Игорь Нарский специально для Полит74 об советской танцевальной самодеятельности.Фото Олега Каргаполова (Вечерний Челябинск)
Игорь Нарский специально для Полит74 об советской танцевальной самодеятельности.Фото Олега Каргаполова (Вечерний Челябинск)

— К пониманию сущности традиций есть несколько подходов. Первый – это эссенциалистский, согласно которому традиции – это данность. Он состоит в том, что традиции вечны, существуют вне времени и связаны с национальным характером, не зависят от ощущений или нашего желания. Конструктивистский подход состоит в том, что традиции, также, как классы, нации – сконструированы людьми, так как эти феномены существуют потому, что люди вкладывают в них смысл.
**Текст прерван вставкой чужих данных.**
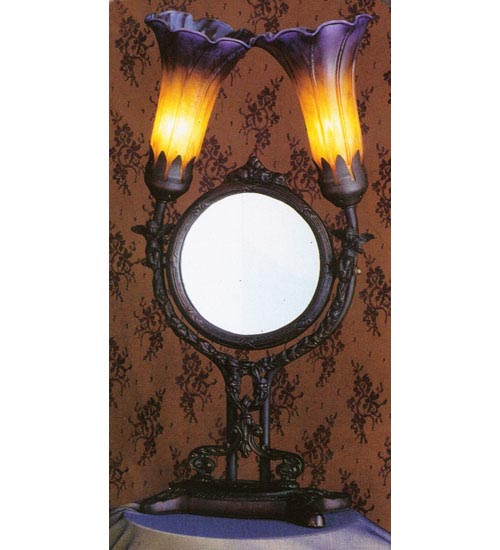 Amber/Purple Pond Lily Two Light Accent Lamp in Mahognay Bronze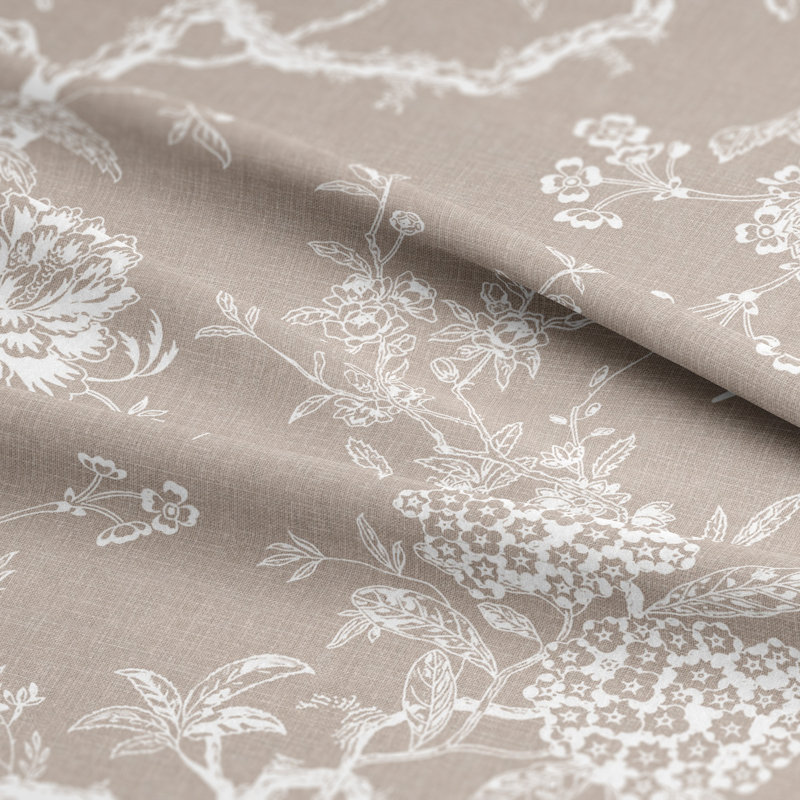 Elwood Natural Cotton Pinch Pleat Drapery Panel Set of 2, 20" W x 132" L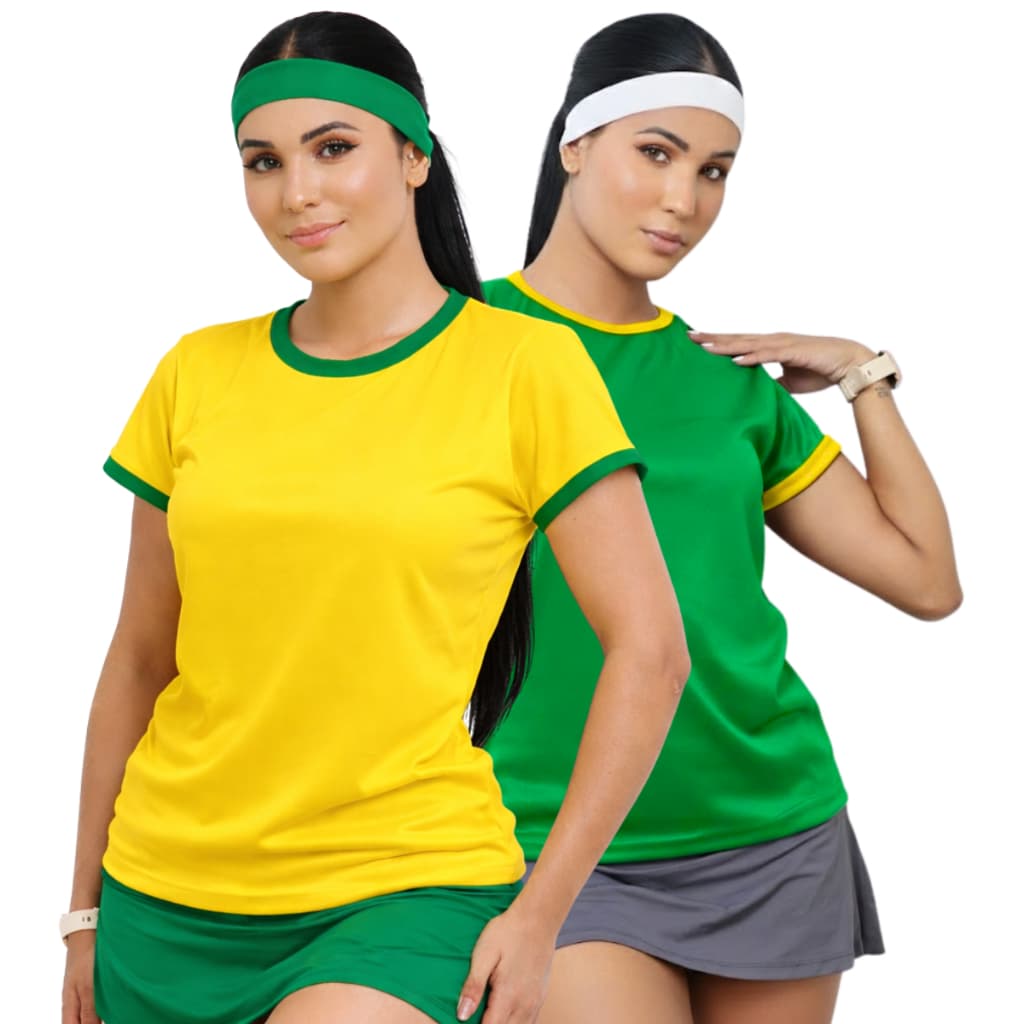 KIT 2 CAMISETA BABY LOOK BRASIL PERSONALIZÁVEL PARA SUA ESTAMPA BRASILEIRA FUTEBOL 100% DRY FIT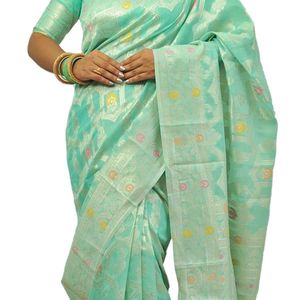 New Banarasi Soft Cotton Linen Saree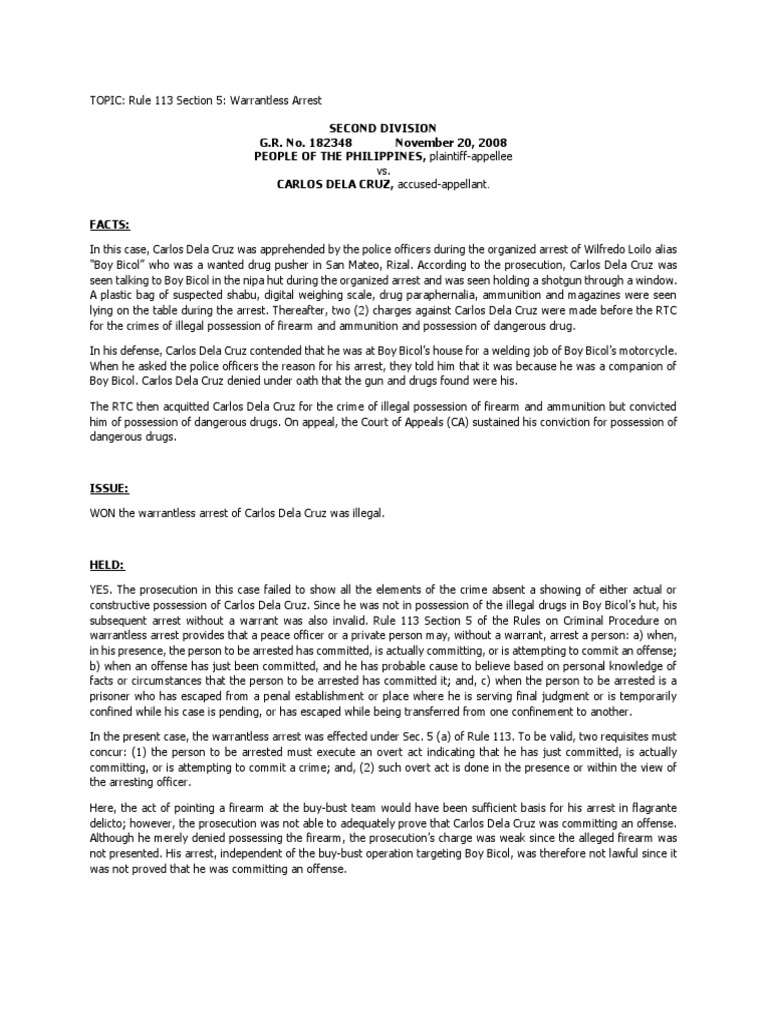 Crimpro rule 113 section 5 people vs dela cruz pdf arrest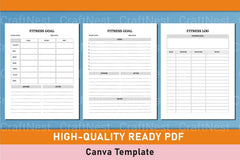 Customizable Fitness Planner Canva Template - CraftNest - Digital Crafting and Art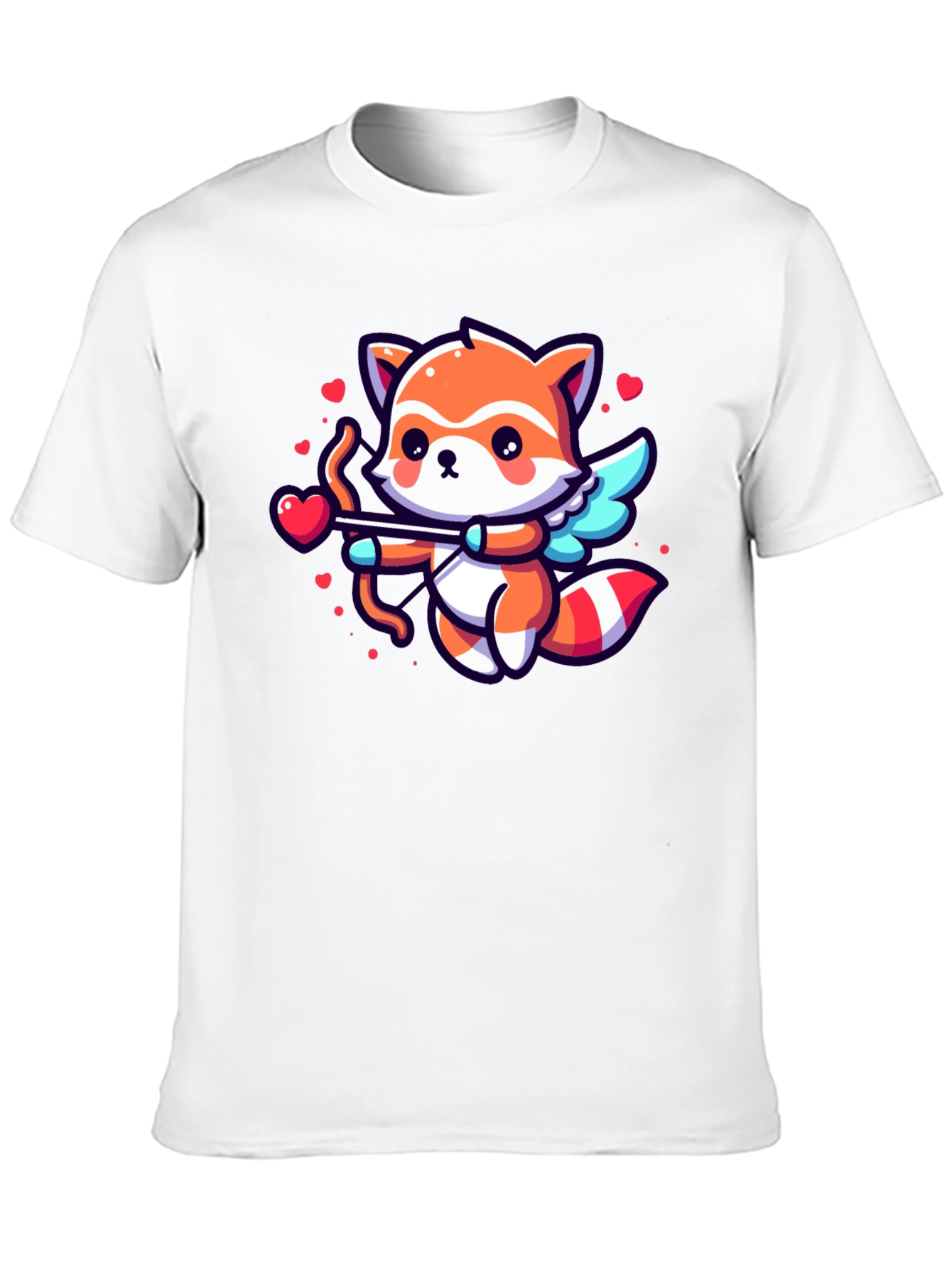 Black Cute Cupid Fox Graphic Tee view 10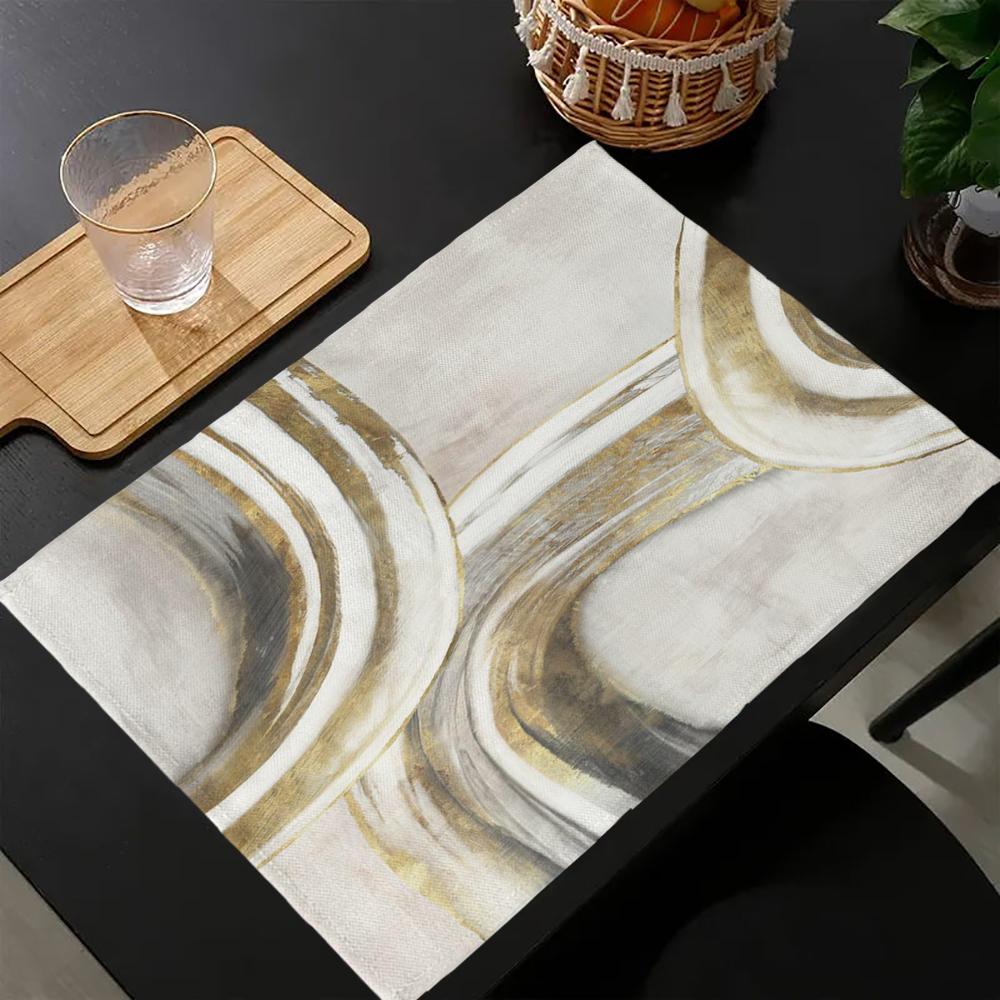 Contours of Tranquility pattern Print Linen Dining Table Mats Kitchen Placemat 30X45cm Coasters Pads Bowl Cup Mat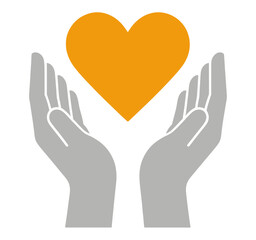 Obraz premium Hands Holding Orange Heart Vector Icon
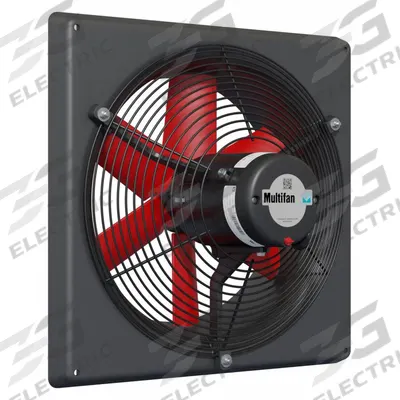 MULTIFAN Exhaust Fan: Direct Drive, 14 in Blade, 1/8 hp, 2,150 cfm, 120V AC, 1 ph - Corrosion-Resistant Direct-Drive Panel Exhaust Fans
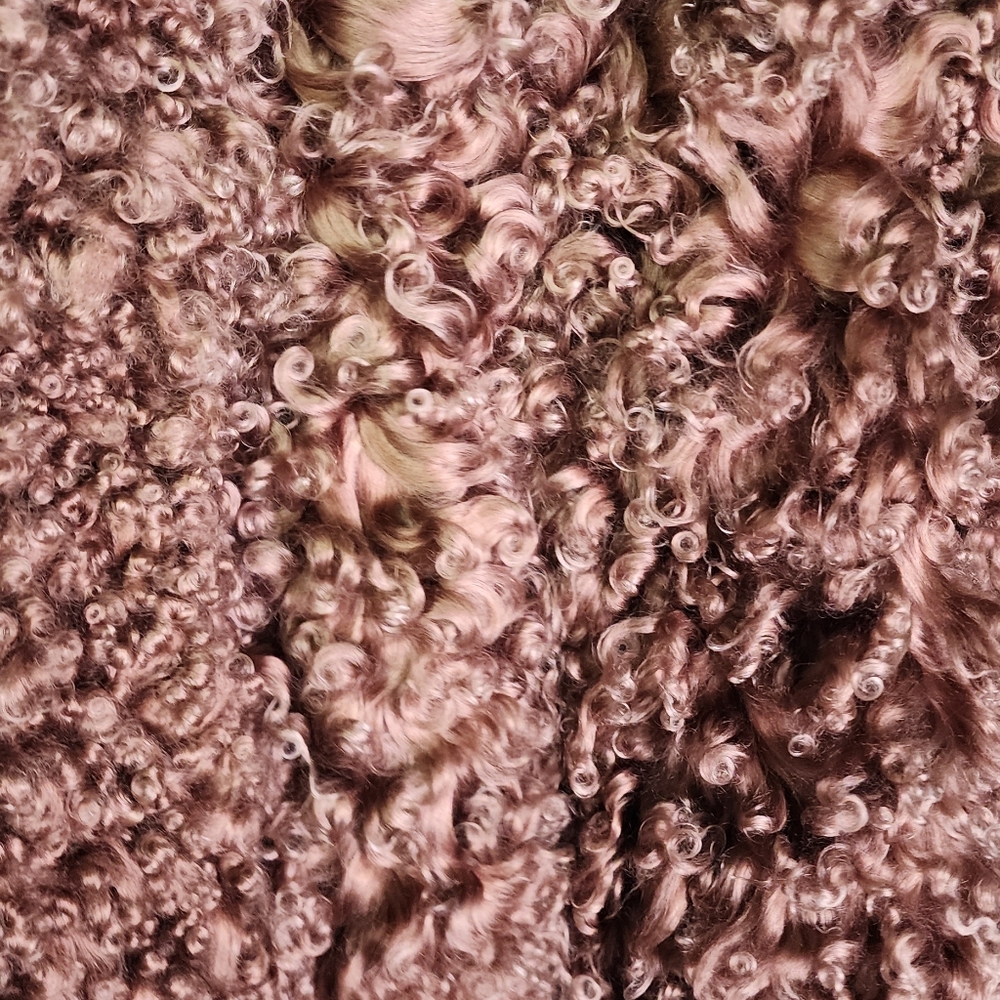 Mongolian lamb fur extra curly vintage winter coat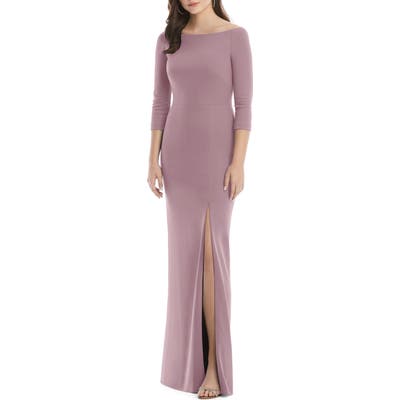 After Six Wide Bateau Neck Stretch Crepe Evening Dress, Pink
Самый простой пример: вспомните фильм «Ирония судьбы…» режиссёра Рязанова. Каждый год герои ходят в баню. Можно воспринимать это как данность, а можно понимать несколько иначе. Если бы они ходили в баню каждую неделю, то можно предположить, что у них дома нет ванны или они живут в коммунальной квартире. Тогда это обыденная практика. Но если люди придают этим практикам какое-то символическое значение, например, «мы ходим в баню, чтобы очиститься» или «чтобы укрепить нашу дружбу», тогда это становится традицией. Но кто это делает? Объективная реальность или эти люди? Понятно, что люди. И в своём исследовании я исхожу как раз из того, что традиции изобретаются, ими можно манипулировать, с их помощью индивиды конструируют свою идентичность. С советскими народными танцами история немного другая. Народная культура на городской сцене должна была компенсировать уничтожение традиционного крестьянства. Это не только советская история, французский социолог Мишель де Серто считал, что в любой стране, где уничтожается крестьянство, не только коллективизацией…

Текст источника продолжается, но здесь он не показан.